From the listing below, copy only the lines running from the line that contains "Ticiane Pinheiro e" to the line that contains "Детальный вид вмятины", both included.
__________
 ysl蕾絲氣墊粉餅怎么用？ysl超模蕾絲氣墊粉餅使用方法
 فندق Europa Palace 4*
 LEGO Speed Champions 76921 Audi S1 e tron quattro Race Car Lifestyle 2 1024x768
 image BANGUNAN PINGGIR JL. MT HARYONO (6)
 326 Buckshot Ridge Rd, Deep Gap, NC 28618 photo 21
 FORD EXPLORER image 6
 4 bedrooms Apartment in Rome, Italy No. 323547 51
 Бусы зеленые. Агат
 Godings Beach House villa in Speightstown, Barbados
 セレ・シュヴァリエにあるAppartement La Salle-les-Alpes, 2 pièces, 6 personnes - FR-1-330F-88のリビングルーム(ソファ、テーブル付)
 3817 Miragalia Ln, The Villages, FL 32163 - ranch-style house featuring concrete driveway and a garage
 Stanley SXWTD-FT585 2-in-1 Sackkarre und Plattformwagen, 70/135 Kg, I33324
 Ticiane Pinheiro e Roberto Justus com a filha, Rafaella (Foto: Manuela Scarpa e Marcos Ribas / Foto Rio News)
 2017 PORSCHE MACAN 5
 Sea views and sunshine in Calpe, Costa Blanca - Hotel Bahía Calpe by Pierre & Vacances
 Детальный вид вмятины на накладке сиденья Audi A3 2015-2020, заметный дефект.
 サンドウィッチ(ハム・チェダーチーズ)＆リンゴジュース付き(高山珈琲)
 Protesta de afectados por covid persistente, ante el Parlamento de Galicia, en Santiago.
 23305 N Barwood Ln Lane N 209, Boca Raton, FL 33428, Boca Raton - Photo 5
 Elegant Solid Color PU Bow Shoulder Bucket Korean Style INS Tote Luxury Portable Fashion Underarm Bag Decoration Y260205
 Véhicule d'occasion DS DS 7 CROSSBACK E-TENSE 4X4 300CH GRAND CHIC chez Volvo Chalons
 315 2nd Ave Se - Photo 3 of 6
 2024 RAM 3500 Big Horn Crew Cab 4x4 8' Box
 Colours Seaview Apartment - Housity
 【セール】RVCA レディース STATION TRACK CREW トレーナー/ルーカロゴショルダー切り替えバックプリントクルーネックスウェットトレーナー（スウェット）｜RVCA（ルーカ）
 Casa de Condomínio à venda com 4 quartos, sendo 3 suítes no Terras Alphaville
__________
- [EXERCISE RESPONSE]:
 Ticiane Pinheiro e Roberto Justus com a filha, Rafaella (Foto: Manuela Scarpa e Marcos Ribas / Foto Rio News)
 2017 PORSCHE MACAN 5
 Sea views and sunshine in Calpe, Costa Blanca - Hotel Bahía Calpe by Pierre & Vacances
 Детальный вид вмятины на накладке сиденья Audi A3 2015-2020, заметный дефект.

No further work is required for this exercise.